The Locomotive is located at the Roanoke Transportation Museum at Roanoke, Virginia.  Number 686 is one of the original fleet of 40 units built by General Electric, in Schenectady, New York, for the Panama Canal in 1914.  During its operating lifetime it was referred to as a Lock-Mule of "Mule" by its operators.  Additional units were ordered and delivered later until over 100 mules were in operation at the three lock locations (Gatun, Pedro Miguel and Miraflores) within the Panama Canal.

Method of Operation

The Mules operated on "rack" tracks located at the edge of the lock chamber walls.  Each Mule had a self-contained winch and cable which was attached to the ship that the Mule was moving through the lock chamber.  To keep the ships centered within the lock chamber the Mules operated in pairs.  One on the Port (left) side of the ship and one on the Starboard (right).  At least two pairs of mules, or four units, were required even for the shortest ship.  One pair centered the bow, or front, of the ship while the second pair centered the stern, or rear.  With this arrangement the ship was held centered and prevented from hitting or rubbing the lock chamber walls by four cables, one from each Mule.

For longer and heavy ships, additional pairs of Mules were added to make sure that the ship was always under control of the Mules and able to be moved or centered regardless of water and wind disturbances.  the third pair was normally added at mid-ship, middle of the ship's length, with fourth, fifth and sixth pairs added as required to the previous described locations (bow, mid-ships and stern).   A heavy and long ship, like the Battleship USS Missouri that weighted 45,000 tons, required six pairs or twelve Mules for a smooth and uneventful transit through each Panama Canal Lock.

Recent History

This locomotive, along with its' sister units, remained in active operating service until 1964 when they were replaced by new units designed for operation on the new electrical power frequency (60 cycle) that the Panama Canal was converted to.  the entire Canal was built and operated until the mid 60's on 25 cycle electrical power.

Shortly after removal from active service, this specific Mule (No. U.S. 686) was donated by the Governor of the Panama Canal to a proposed "American Museum of Electricity" to be located at Schenectady, New York.  Through the cooperation of the U.S. Navy and several American railroads the Mule was transported by sea to Norfolk, Virginia and then by rail to Schenectady, New York.  At that time it was placed in storage until the Museum could be established.

In 1972 the Mule was uncovered by a former resident of the Panama Canal Zone still in storage as plans for the proposed Schenectady Museum had stalled out.  Knowing of the existing and operating Roanoke Transportation Museum this former resident arranged for the two Museum groups to cooperate and move the unit to Roanoke for permanent display.
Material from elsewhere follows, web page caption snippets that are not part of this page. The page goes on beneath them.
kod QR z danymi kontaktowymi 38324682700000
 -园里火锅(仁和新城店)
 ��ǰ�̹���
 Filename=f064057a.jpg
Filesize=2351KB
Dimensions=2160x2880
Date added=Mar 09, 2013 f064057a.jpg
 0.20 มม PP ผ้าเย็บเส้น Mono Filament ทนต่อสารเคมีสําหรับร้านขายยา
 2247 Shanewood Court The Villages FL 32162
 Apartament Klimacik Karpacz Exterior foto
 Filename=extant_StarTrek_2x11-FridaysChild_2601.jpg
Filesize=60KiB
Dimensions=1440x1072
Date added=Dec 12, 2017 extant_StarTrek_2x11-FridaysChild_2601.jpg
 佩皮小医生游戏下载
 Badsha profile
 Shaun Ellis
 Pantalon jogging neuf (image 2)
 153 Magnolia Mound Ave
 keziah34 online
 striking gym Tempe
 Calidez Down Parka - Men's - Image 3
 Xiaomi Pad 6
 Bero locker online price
In May of 1974, the Mule arrived in Roanoke, Virginia with its rail transportation donated by several railroads as an "Historical Transportation" item.  The Mule is now being restored to its original appearance as a joint project of the City of Roanoke and the Roanoke Chapter of the National Railway Historical Society.  when restoration is complete the exhibit will be dedicated "To the Men and Women that participated in the construction and operation of the Panama Canal."

Electrical & Mechanical Specifications

This Mule is of interest not only for its historic association with the Panama Canal, but also because it is one of the early applications of 3-phase electric motors to traction equipment.

The Locomotive is designed for 220-volt, 3-phase, 25-cycle power.  It is geared for 5 mph speed running free, (not connected to a ship) with a manual gear shift to 2 mph for rack-and-pinion operation while towing.  A special electrical connection is available for concatenating the motors to run at about 1 mph at reduced torque, which was used for movement of extremely large ships.

The machine is just under 32 feet long by 8 feet wide and 10 feet high, and weighs 42 tons.  It runs on four flanged wheels similar to railroad wheels, but on a 5-foot gauge.  Wheelbase is 12 feet.  It has dual Electrical and Mechanical controls which allowed its operation from a cab at either end, and has an elaborately controlled winch at top center.  Towing capacity of the complete unit (Traction Motors, Winch and Ship Cable) was 25,000 or 12 1/2 tons.